As we start to operate our trains, trolleys, and attractions again, we have very clear safety standards in place. Ideally, these procedures and protocols would mitigate any misunderstandings and clear up lack of clarity. That, however, may not be the case.

Policies are often open to the most subtle differences in interpretation. That goes for Cast Members and customers.   Some people are hugging, while others don’t even want to get near customers and colleagues. As the numbers increase in Southern states, some customers are adamant about wearing masks, while others feel far less stringent about it. Some are washing hands regularly, while others forget or refuse. In this climate, and at this moment, it is easy for conflicts to arise.

These conflicts aren’t easily resolved because they get to the core of some of our most basic human needs. Consider Maslow’s Hierarchy of Needs. Level One is “Physiological Needs”  including food, water, and shelter. Level Two is “Safety” involving health and the ability to protect our families. Maslow argued that conflicts are most severe when our most basic Level One and Level Two needs are not met.  The more at stake, the harder it is to find middle ground.

I think of one woman in a recent article I read, who pleaded with her co-workers and customers to wear a mask and wash their hands because her child was undergoing chemotherapy. She simply could not afford to get sick but she also couldn’t afford not to work. On the flip side, there are people who believe that racial injustice is impacting their lives and the lives of their children so severely that they must march in crowded protests. How are we supposed to reconcile such profound needs on both sides?

We can start with the fact that there are rules, standards and procedures in place set by local government and businesses themselves. While people may not follow them, we aren’t starting from scratch. Here are two  actions you can take as a Leadager or Cast Member to prevent and resolve these conflicts:

The Rule of 3 x 3: There is a rule in communication called 3 x 3. It means that people don’t get a message fully until it is repeated 3 times in 3 different ways. Our daily briefings are a great time to repeat/reiterate our protocol and the reasons behind it. We also have an opportunity for Cast Members to share about situations that fall into the “gray area” to clarify any misunderstandings or misinterpretations of the rules. Relying on briefings at this time, however, is not enough. As things change, we need to keep EVERYONE in the loop by emailing, texting, and posting information as soon as we can.

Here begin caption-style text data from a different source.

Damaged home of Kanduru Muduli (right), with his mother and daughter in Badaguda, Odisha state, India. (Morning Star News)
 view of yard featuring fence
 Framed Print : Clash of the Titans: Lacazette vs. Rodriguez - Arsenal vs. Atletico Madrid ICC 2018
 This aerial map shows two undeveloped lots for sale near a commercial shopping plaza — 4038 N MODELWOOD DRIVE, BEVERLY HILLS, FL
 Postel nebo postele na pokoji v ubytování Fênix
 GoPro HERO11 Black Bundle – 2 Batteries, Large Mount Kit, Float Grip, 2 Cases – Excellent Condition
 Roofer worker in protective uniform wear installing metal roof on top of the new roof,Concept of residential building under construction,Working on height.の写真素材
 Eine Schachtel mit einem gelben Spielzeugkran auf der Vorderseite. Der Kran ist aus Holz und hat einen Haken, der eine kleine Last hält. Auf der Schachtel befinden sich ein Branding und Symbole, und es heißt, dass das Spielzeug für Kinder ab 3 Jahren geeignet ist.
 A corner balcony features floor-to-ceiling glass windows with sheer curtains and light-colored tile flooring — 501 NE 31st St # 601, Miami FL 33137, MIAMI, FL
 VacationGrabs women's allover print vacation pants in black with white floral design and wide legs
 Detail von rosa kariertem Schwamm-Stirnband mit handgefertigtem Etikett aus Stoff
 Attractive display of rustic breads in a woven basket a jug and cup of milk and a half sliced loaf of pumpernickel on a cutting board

Get to the “Why” of Non-Compliers:  There are always two sides to a story. If some Cast members or customers are not adhering to the policy according to their colleagues, it is important to sit down with them in private and ask them about it. Listen to them, and then put the ball in their court by asking them what they will do to adhere to the rules. Leadagers should do this, but Cast Members can do it with each other as well.

With customers, we want to make sure we explain the reason behind the company’s decisions. In some states and counties, there is a policy in place to which we must adhere. If it is a policy of our company, practice using a brief yet clear explanation as to why we are doing it that way.

Things are changing daily in the world, and people have varying degrees of comfort about safety and behaviors they consider acceptable during this time. The most important thing we can do for each other and our customers in these uncertain times is to listen to each other’s needs, clarity protocol when needed, and constantly, relentlessly communicate. Not all conflicts are resolvable, but they can all be managed.